The Promise of ChristmasDecember 23, 2022
Earlier this year I discovered two podcasts that have quickly become favorites: American Scandal and American History Tellers. I’m sure I’m late to the party here, and many of you already listen. In both shows the narrator is Lindsay Graham (not the senator from South Carolina!). His voice and his style are unique. He tells each story by bringing you into the event as if you were there and by describing what you are experiencing in the present tense.
So in that vein, I want you to imagine:
It’s almost noon. The weather is ideal—72 degrees, sunny, slight breeze, low humidity. You look around and everything you see is stunningly beautiful. The trees, the grass, the sky, the river in front of you, the hills farther in the distance—they are all amazing.
The sound of birds overhead is pleasant. The animals are all peacefully playing. You grab a banana from the tree, peel the skin, and take a bite. It’s the best banana you’ve ever had. You share one with your best friend standing next to you. You look at each other and smile. It’s another perfect day in paradise.
Literally. Because you’re a man, you are Adam; if you are a woman, you’re Eve. As you stroll through the Garden of Eden, you enjoy each other, you enjoy your surroundings, you enjoy the presence of God in your midst. It’s been like this since the beginning. You hope nothing will ever change.
But just then you see a snake slither up to your feet. No reason to be alarmed. Snakes have never hurt you before. Nothing has ever hurt you before. But then the snake talks. He talks to you about God, about yourself, and about a fruit that is forbidden by God but the snake wants you to eat. You don’t know it at the time, but the snake is lying to you. But you’ve never been lied to before. You take the fruit and you eat. Both of you eat. You had hoped that nothing would ever change. But now in an instant, you know that the world will never be the same.
All of a sudden, everything looks different. You notice that you are naked. It’s embarrassing, so you quickly stitch together some makeshift clothes to cover yourself.
Then things get worse, as God starts to talk. God has always been the best thing about the Garden. But now he sounds disappointed, angry, concerned. He asks where you are and why you are hiding. He asks who told you that you were naked. He asks about the fruit that you both ate.
Then He speaks of curses. He curses the serpent. He curses the ground. He tells you that work will be painful. He tells you that childbirth will be painful. He tells you that pain has been found and paradise has been lost.
But in the midst of all this bad news, this frightening news—in the midst of this terrible, evil day—there is something else God says. You aren’t sure what to make of it at first. God says that a child will come from the woman, and that this child will be at war with the snake. The snake will bruise the heel of the child, but—and this is what gets your attention—the child will crush the head of the serpent. What a strange word. And yet, for the first time since taking a bite of the fruit, you feel something like hope. For in the middle of curses and judgment, it sounds like God is making a promise.
Over the next hundreds and thousands of years that promise will grow and grow, until one day it enters the world as a tiny Child. This is the one the weary world has been waiting for: the seed of the woman (Genesis 3:15), the child of Abraham (Genesis 12:3), and lion of the tribe of Judah (Genesis 49:10), a prophet like Moses (Deuteronomy 18:15-19), a royal son (Psalm 2:7), and a descendant of David (Psalm 132:11).
This is the child long foretold. He is born of a virgin (Isaiah 7:14), a light to the Gentiles (9:1-7) and a shoot from the stump of Jesse (11:1). Born in Bethlehem (Micah 5:2), come out of Egypt (Hosea 11:1), this is the speaker of peace to the nations, the one whose rule shall extend from sea to sea, from the River Euphrates to the ends of the earth (Zechariah 9:10). This poor, whimpering Child is the God of justice and the Lord come to His temple (Malachi 3:1).

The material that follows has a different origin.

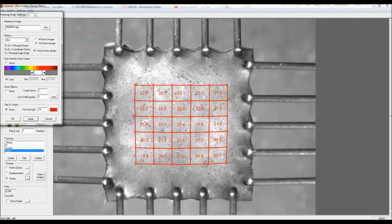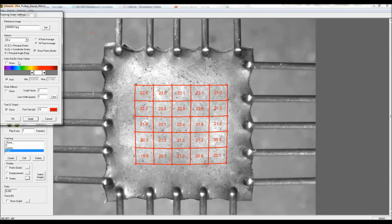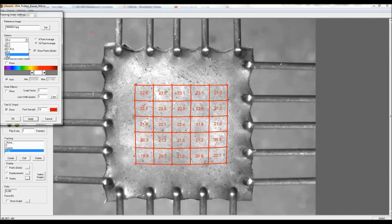And we can see here we do in fact have about 20% strain with some variation, and we can also look at the Y strain just to verify that it was the same.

You can’t see all that as the two of you hang your shameful heads in the garden. But you want to believe. You have to believe. What other hope do you have? How else can your guilt be covered? Who else will save you from your sins?
For some, the Baby will be a Judean scandal. But for those who dare to hope in the promise, His coming—and now His coming again—will be the greatest story any history teller has ever told.